Required work
Return exactly the run of lines that begins at the line containing "dog chainsaw carving" and ends at the last line of the material below; pictures stay out.

+++ Data segment +++

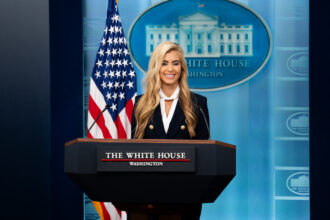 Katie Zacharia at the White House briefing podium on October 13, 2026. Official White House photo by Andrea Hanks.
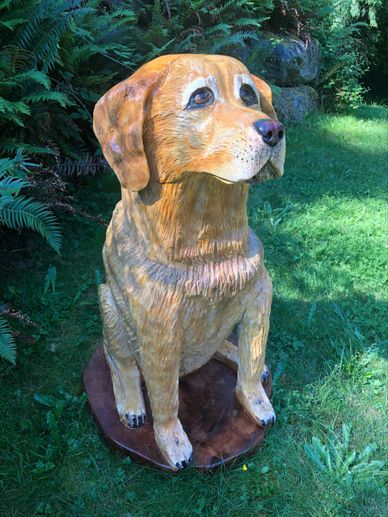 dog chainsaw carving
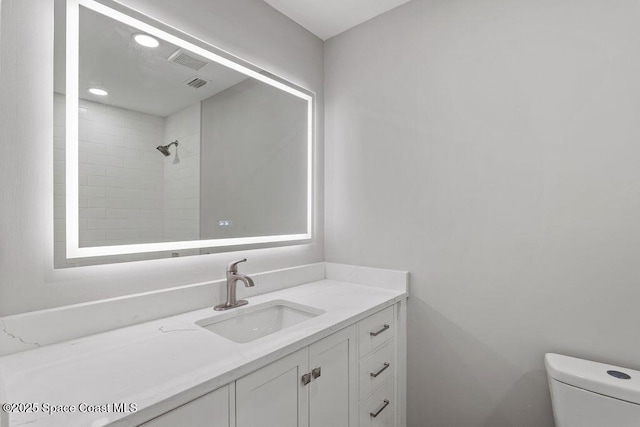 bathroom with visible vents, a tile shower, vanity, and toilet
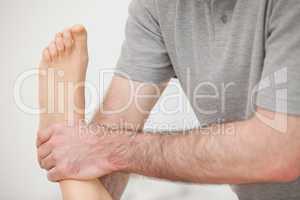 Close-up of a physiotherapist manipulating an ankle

+++

Output below
 dog chainsaw carving
 bathroom with visible vents, a tile shower, vanity, and toilet
 Close-up of a physiotherapist manipulating an ankle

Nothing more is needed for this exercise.